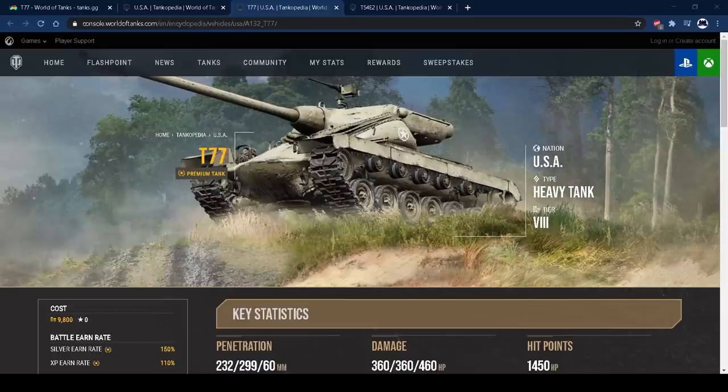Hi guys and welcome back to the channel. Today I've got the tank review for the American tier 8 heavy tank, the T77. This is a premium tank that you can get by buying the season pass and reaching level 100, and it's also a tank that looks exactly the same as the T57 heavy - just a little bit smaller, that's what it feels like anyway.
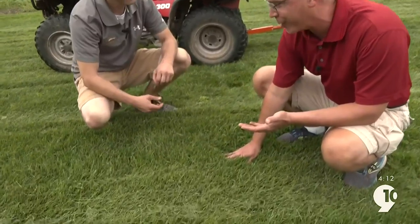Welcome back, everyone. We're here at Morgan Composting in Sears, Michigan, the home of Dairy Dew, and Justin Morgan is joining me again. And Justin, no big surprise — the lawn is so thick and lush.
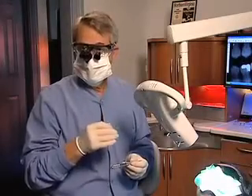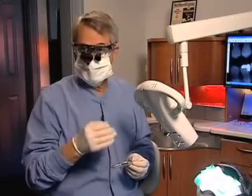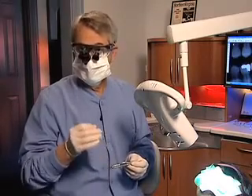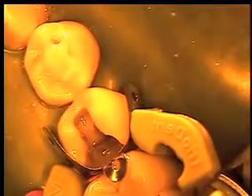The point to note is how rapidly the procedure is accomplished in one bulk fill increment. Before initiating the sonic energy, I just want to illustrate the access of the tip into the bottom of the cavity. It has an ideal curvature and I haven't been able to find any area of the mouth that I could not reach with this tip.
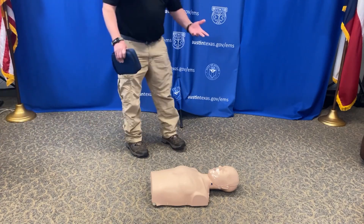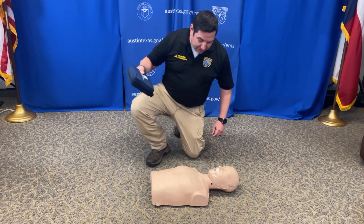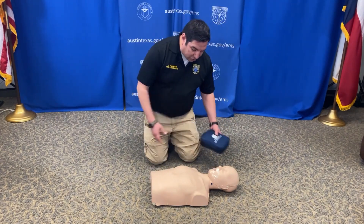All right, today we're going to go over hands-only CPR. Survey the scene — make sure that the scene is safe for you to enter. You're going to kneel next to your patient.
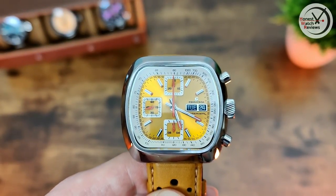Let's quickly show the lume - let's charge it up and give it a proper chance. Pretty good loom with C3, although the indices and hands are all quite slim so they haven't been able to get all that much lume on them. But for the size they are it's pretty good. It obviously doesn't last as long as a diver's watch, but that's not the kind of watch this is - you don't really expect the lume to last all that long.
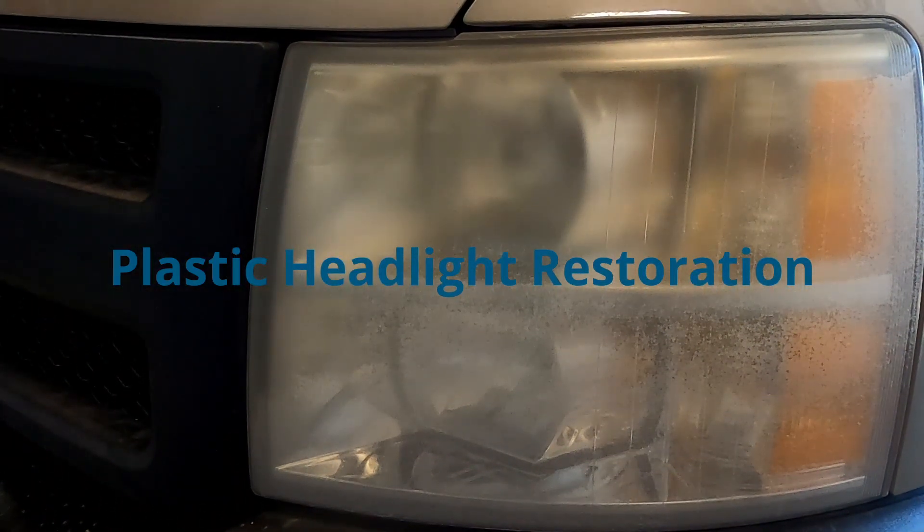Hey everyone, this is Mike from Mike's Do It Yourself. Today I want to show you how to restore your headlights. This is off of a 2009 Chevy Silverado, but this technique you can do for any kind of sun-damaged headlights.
________
| TASK DETAILS |
Verbatim repetition of the entries is required, excluding any pictures.

| ANSWER BELOW |
Hi guys and welcome back to the channel. Today I've got the tank review for the American tier 8 heavy tank, the T77. This is a premium tank that you can get by buying the season pass and reaching level 100, and it's also a tank that looks exactly the same as the T57 heavy - just a little bit smaller, that's what it feels like anyway.
Welcome back, everyone. We're here at Morgan Composting in Sears, Michigan, the home of Dairy Dew, and Justin Morgan is joining me again. And Justin, no big surprise — the lawn is so thick and lush.
The point to note is how rapidly the procedure is accomplished in one bulk fill increment. Before initiating the sonic energy, I just want to illustrate the access of the tip into the bottom of the cavity. It has an ideal curvature and I haven't been able to find any area of the mouth that I could not reach with this tip.
All right, today we're going to go over hands-only CPR. Survey the scene — make sure that the scene is safe for you to enter. You're going to kneel next to your patient.
Let's quickly show the lume - let's charge it up and give it a proper chance. Pretty good loom with C3, although the indices and hands are all quite slim so they haven't been able to get all that much lume on them. But for the size they are it's pretty good. It obviously doesn't last as long as a diver's watch, but that's not the kind of watch this is - you don't really expect the lume to last all that long.
Hey everyone, this is Mike from Mike's Do It Yourself. Today I want to show you how to restore your headlights. This is off of a 2009 Chevy Silverado, but this technique you can do for any kind of sun-damaged headlights.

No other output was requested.